++++ Records for this exercise

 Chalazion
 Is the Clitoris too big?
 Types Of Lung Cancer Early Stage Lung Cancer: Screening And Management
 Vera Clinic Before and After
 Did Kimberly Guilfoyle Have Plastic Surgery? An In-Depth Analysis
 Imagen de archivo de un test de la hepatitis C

++++++++

Copy out exactly the lines running from the line with "Did Kimberly Guilfoyle" to the end of the records, inclusive.

 Did Kimberly Guilfoyle Have Plastic Surgery? An In-Depth Analysis
 Imagen de archivo de un test de la hepatitis C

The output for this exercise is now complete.